--- INPUT DATA Enclosed Below ---
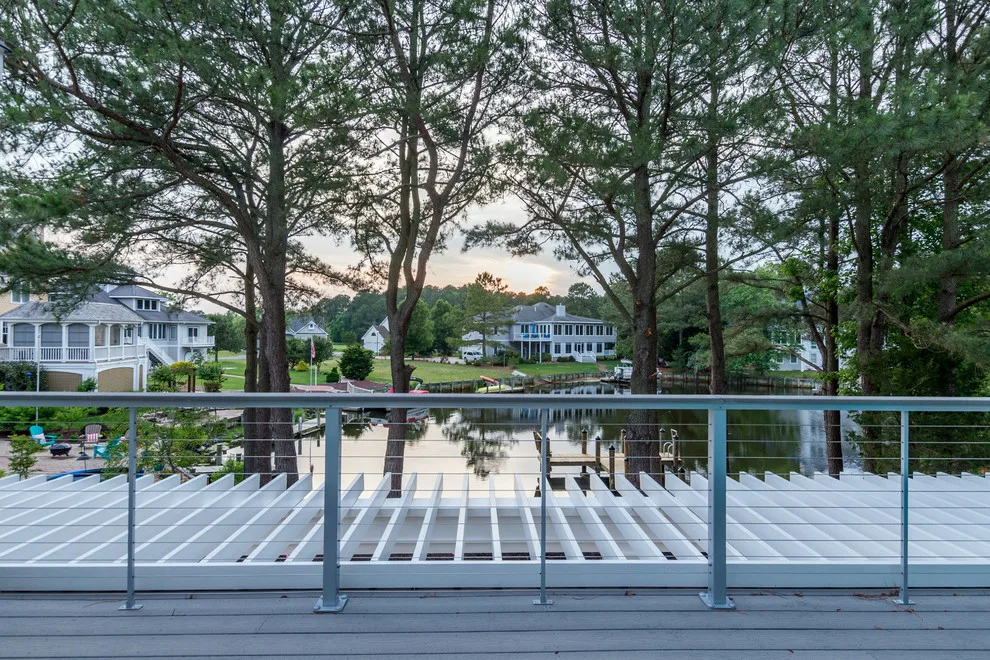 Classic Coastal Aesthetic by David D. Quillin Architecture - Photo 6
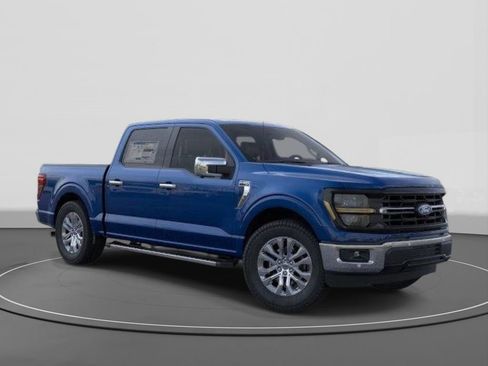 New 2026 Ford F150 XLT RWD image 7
--- End of Enclosed INPUT DATA ---
--- INPUT DATA Enclosed Below ---
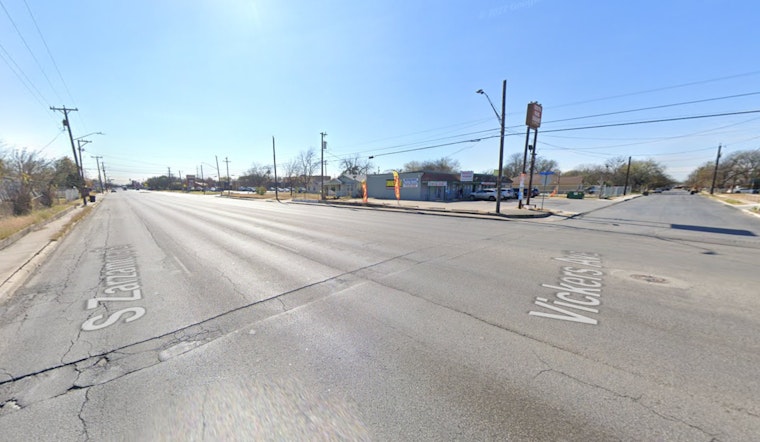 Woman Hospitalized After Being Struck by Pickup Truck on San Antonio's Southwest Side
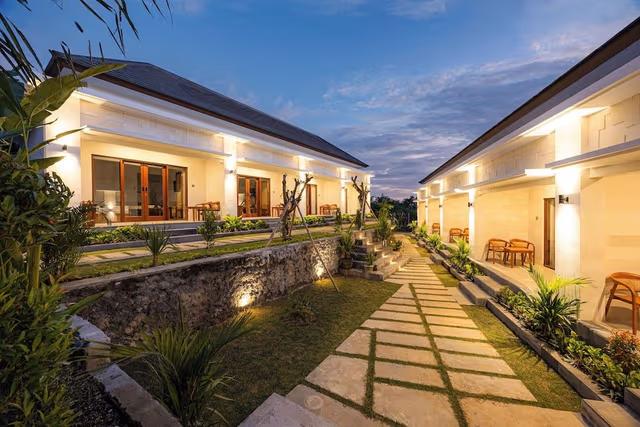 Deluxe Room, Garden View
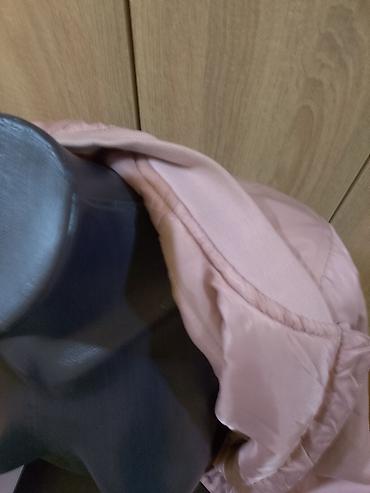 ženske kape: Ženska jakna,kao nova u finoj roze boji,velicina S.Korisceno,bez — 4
--- End of Enclosed INPUT DATA ---
--- INPUT DATA Enclosed Below ---
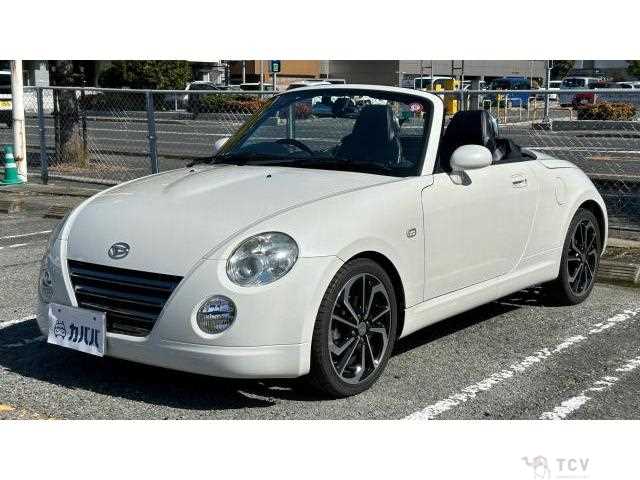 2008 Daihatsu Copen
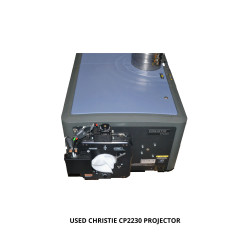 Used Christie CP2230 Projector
--- End of Enclosed INPUT DATA ---
> **TRY IT**:
For the material above, give again only the lines starting at the line that contains "Deluxe Room, Garden View" and ending at the line that contains "ženske kape: Ženska". Pictures do not belong in the copy.

> **OUTPUT OF THE EXERCISE**:
 Deluxe Room, Garden View
 ženske kape: Ženska jakna,kao nova u finoj roze boji,velicina S.Korisceno,bez — 4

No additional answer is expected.